My system has 32 GB. With the factory-default, OpenBoot reports 32640
MB that is 128 MB short of the expected 32 GB. So I configured the
primary domain with 16256 MB (16 GB - 128 MB), and the guest domains
with 8 GB each, and that works. Then I tried to increase the RAM for
the primary domain just by 1 MB, and that failed. So it seems that
exactly 128 MB is somehow needed.
As a side note, I might have run into some other problems because I
was reusing the files created by the init-system command, i.e., I was
changing ldom.conf and would run init-system again. Once ldomctl even
crushed (SIGSEGV). My guess is that the init-system command should be
run with the unmodified factory-default files only.
This is my ldom.conf:
domain primary {
memory 16256 MB
}
domain puffy {
vcpu 8
memory 8G
vdisk "/home/puffy/vdisk0"
vdisk "/home/puffy/vdisk1"
variable auto-boot?=false
vnet
}
domain debian {
vcpu 8
memory 8G
vdisk "/home/debian/vdisk0"
vdisk "/home/debian/vdisk1"
variable auto-boot?=false
vnet
}
On 8/17/24 12:52, Mark Kettenis wrote:
Date: Sat, 17 Aug 2024 13:45:37 +0200
From: Irek Szcześniak <irek.szczesn...@gmail.com>
I've got more information. Here:
https://flak.tedunangst.com/post/OpenBSD-on-a-Sun-T5120
I read to set in ILOM:
set /HOST/bootmode config=configname
Again, no effect. Still in ILOM, I tried to list the domain configs,
but found none:
-> show /HOST/domain/configs
show: Invalid target /HOST/domain/configs
So it seems that downloading the LDOM configuration from OpenBSD took no
effect.
Here:
https://masto.theoks.net/@onekopaka/111873234122166837
I found a note:
> My original intent was OpenBSD as the primary, but ldomctl
> is generating configurations the hypervisor refuses to use.

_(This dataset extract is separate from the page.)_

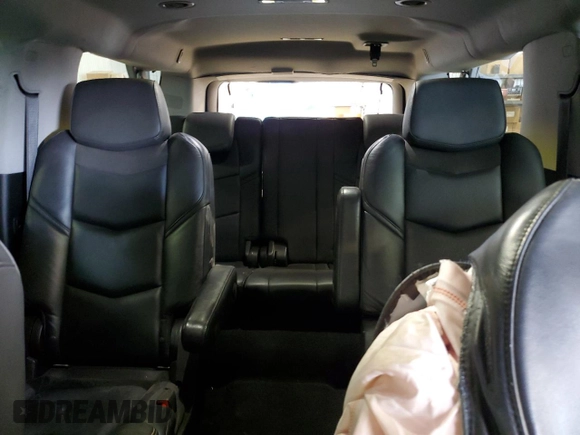 2019 Cadillac Escalade ESV Luxury with VIN 1GYS4HKJ2KR138634, listed as a Copart auction lot 53454755 with 104,098 mi miles and Salvage title. Bid and sale history available at DreamBid. Image 10.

> Used ldm from within Solaris and that worked.
So maybe the config that I generated was not accepted.
Yes, this is typically happens when you activate a config that is
isn't entirely correct. For example if you assign more memory than
what is actually available.
The ldomctl(4) tool isn't very good at enforcing the appropriate
constraints. I've seen this happen with memory assignment for
example. It might be worth trying a configuration where you
explicitly assign memory to all domains (including the primary domain)
and leave some memory unassigned.
On 8/16/24 20:30, Irek Szcześniak wrote:
Hi,
I have a Sun Oracle Netra T5220 with the OpenBSD 7.5 running. I wanted
to create a guest logical domain (LDOM), and so I followed the example
in the manual page of ldomctl.
After I reset the system, the primary domain starts allright, but the
guest domain does not:
# ldomctl status
primary - running OpenBSD running 0%
# ldomctl list
factory-default [current]
openbsd
# ldomctl status openbsd
ldomctl: unknown guest 'openbsd'
In dmesg I can see:
"ldom-primary" at vldc2 chan 0x1 not configured
I would appreciate it if someone could help me out.